The news came through in the morning of February 25, 2018. A young Slovak investigative journalist and his fiancée had been shot dead in their home.
For Christoph Lehermayr, an Austrian investigative journalist working at the time in Vienna, the reaction was one of shock and disbelief.
“I couldn’t believe what had happened. This wasn’t something that any of us thought would be possible in Europe. I turned to the photographer next to me and the decision was made immediately. We got in the car and drive to Slovakia”, he recounted in a recent interview with the International Press Institute.

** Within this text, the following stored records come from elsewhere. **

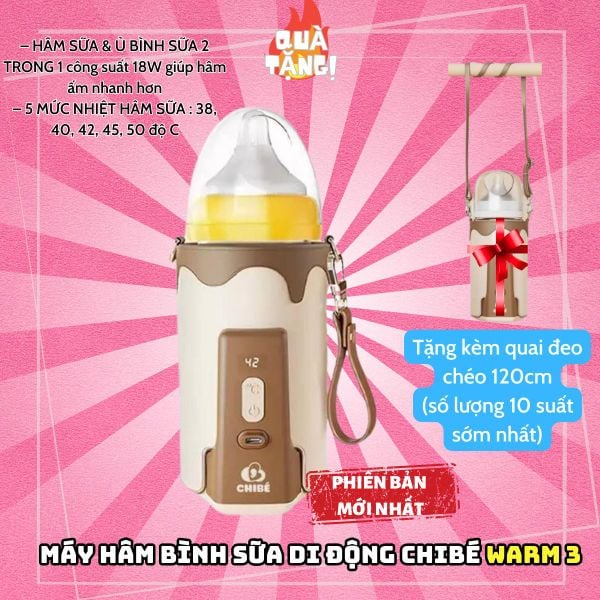 (Tặng dây đeo trên live) Máy Hâm Sữa Di Động Chibe WARM 3- bảo hành 18 tháng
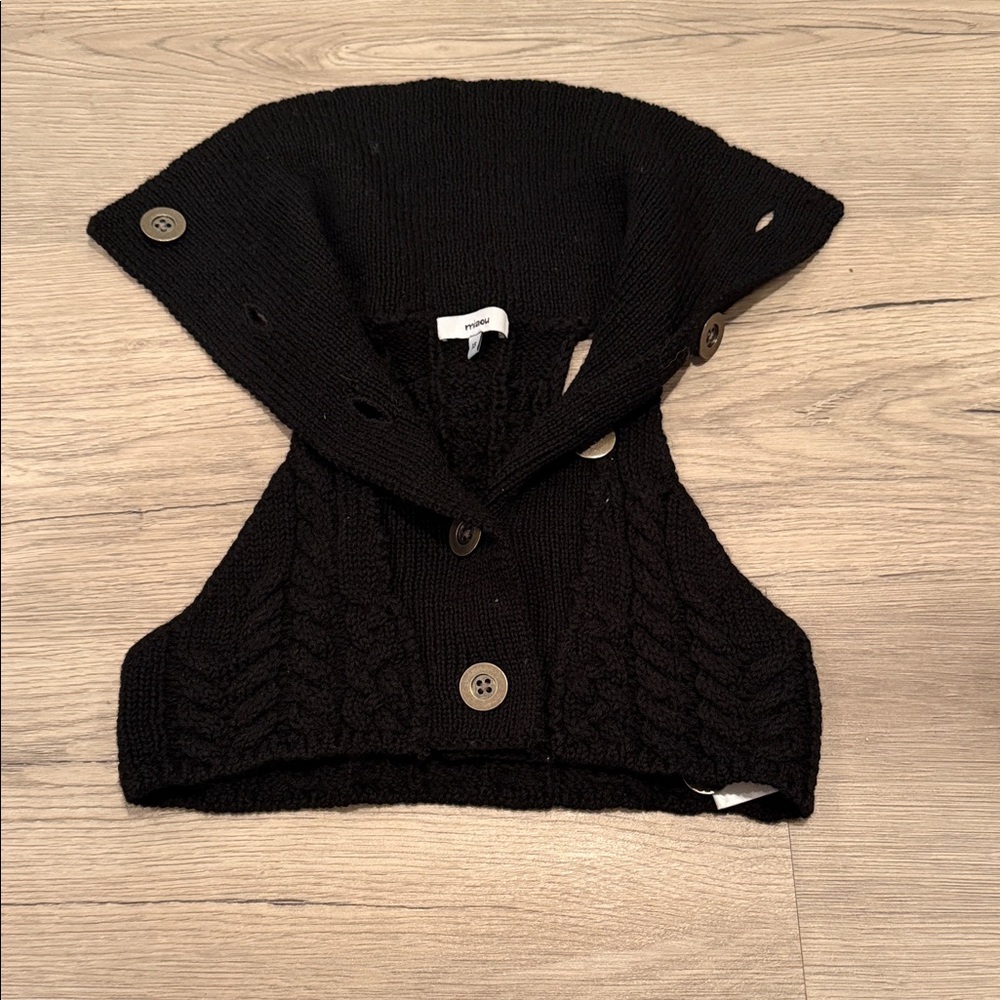 Miaou Black Knit Buttoned Vest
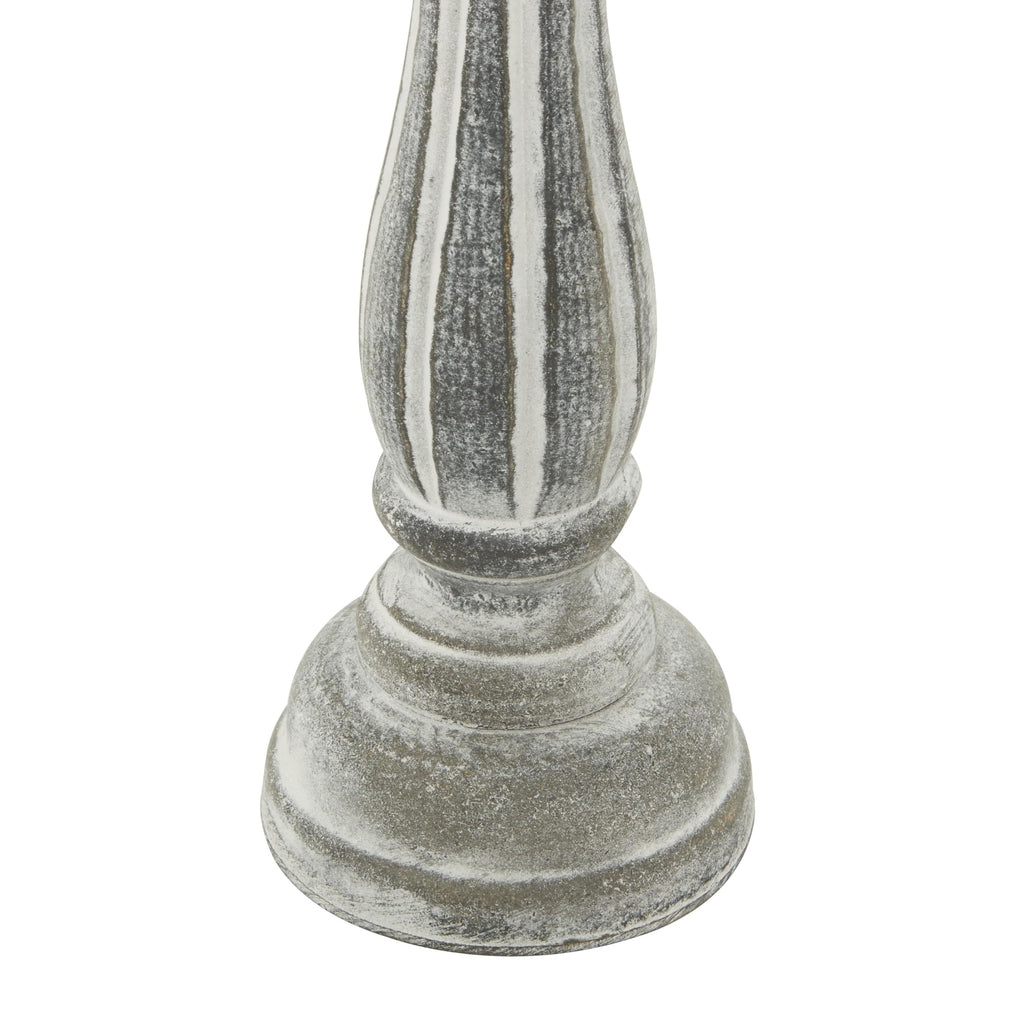 Wooden Decorative Candle Holder Distressed Turned Candle Stand, Set of 3 Candlestick Holder 15", 13", 11"H, Gray
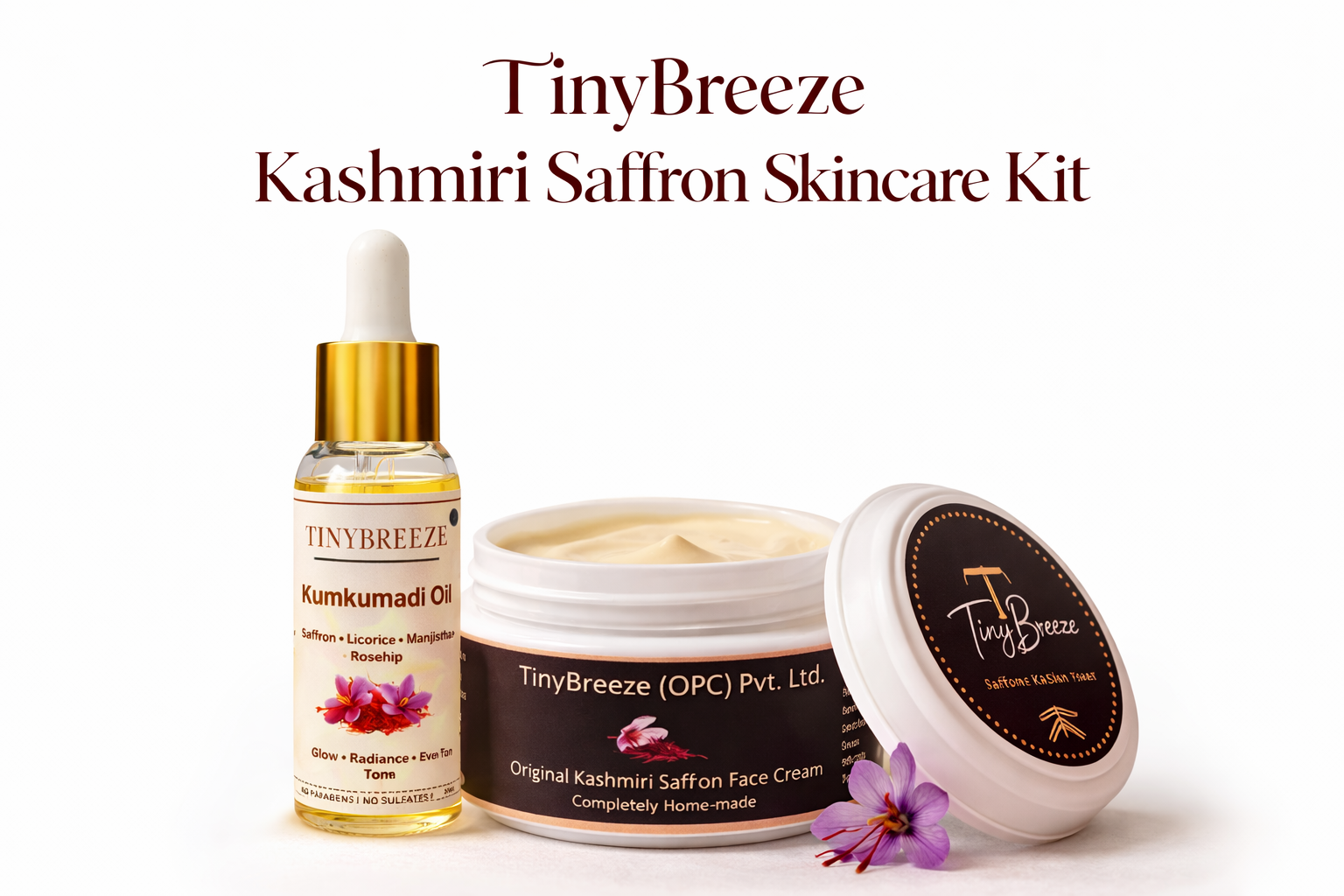 Kashmiri Saffron Skincare Kit | Kumkumadi Oil, Face Cream, Dark Spots Care, Skin Brightening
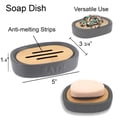 thumbnail image 4 of Bath D Soap Dish Cup Dispenser Grey and Bamboo Tray, 4 of 6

Within an hour, they were standing on the street looking up at the home of Ján Kuciak and his girlfriend, Martina Kušnírová. For Lehermayr, this was the start a two-year journalistic project which culminated in the publishing of a book: Ján Kuciak: The Murder Mystery.
The text, which was published as an e-book in English and German last month, recounts the painful story of Kuciak and Kušnírová’s killing and the ongoing search for justice that led to the biggest protests in the country since the 1989 Velvet Revolution and the resignation of then Prime Minister Robert Fico.
During his investigations Lehermayr followed the case every step of the way: attending the funeral, meeting with Kuciak’s family, reporting the police investigations and carrying out dozens of interviews. After those suspected of carrying out and ordering the assassination were slowly arrested and charged, he then attended hearings and trials.
“As a Czech speaker who understands Slovak, I felt I had a responsibility to report on this case”, said Lehermayr, the former head of the international news at Austrian magazine News. “I was also shocked at the lack of coverage in Austria and wanted to help draw attention to Ján’s and Martina’s case beyond the borders of Slovakia.”
Initially he had reported the case for international publications. “As more information became public and the scale of the crime became clearer, we saw how big the implications were for the country. As a journalist, and as a storyteller, I realised that there was such a big story to tell here”, he explained.
At times, the story does seem more like fiction than real life, he says. The true crime book dives into the shady links between Slovakia’s business and political elite which Kuciak had been investigating, and the underworld of organized crime linked to one of the defendants which allegedly committed a string of murders in the Central European country.
It also examines the links between those charged with ordering and facilitating the killing: the controversial businessman Marian Kočner, a figure allegedly linked to mafia groups who had been convicted of tax-fraud, and the alleged middlewoman Alena Zsuzsová, the mother of Kočner’s goddaughter who reportedly used sex to blackmail influential men.
“The story and the characters were there. It just needed to be told”, Lehermayr said. In researching the case, he spent time with Kuciak’s parents and brother and his colleagues at Aktuality.sk, the online news site where Kuciak had uncovered allegations of tax fraud and financial crimes implicating Kočner and others.
“The more I learnt about Ján, the more respect I had for him”, he added. “He was truly a showcase of how investigative journalists should act and live.”
Reflecting on the first-degree court acquittal of the alleged mastermind Kočner in September 2020, he said: “Impunity for the organizers of the murder must not be an option and it would be devastating if those responsible for ordering it get away with it in the end.
“It’s our duty as Ján’s colleagues all over the world to spread that message as long as the case remains open, so that prosecutors and investigators can step up their work”, he added. “Hopefully this can also contribute to uphold expectations towards Slovak authorities to solve the murder fully once and for all.”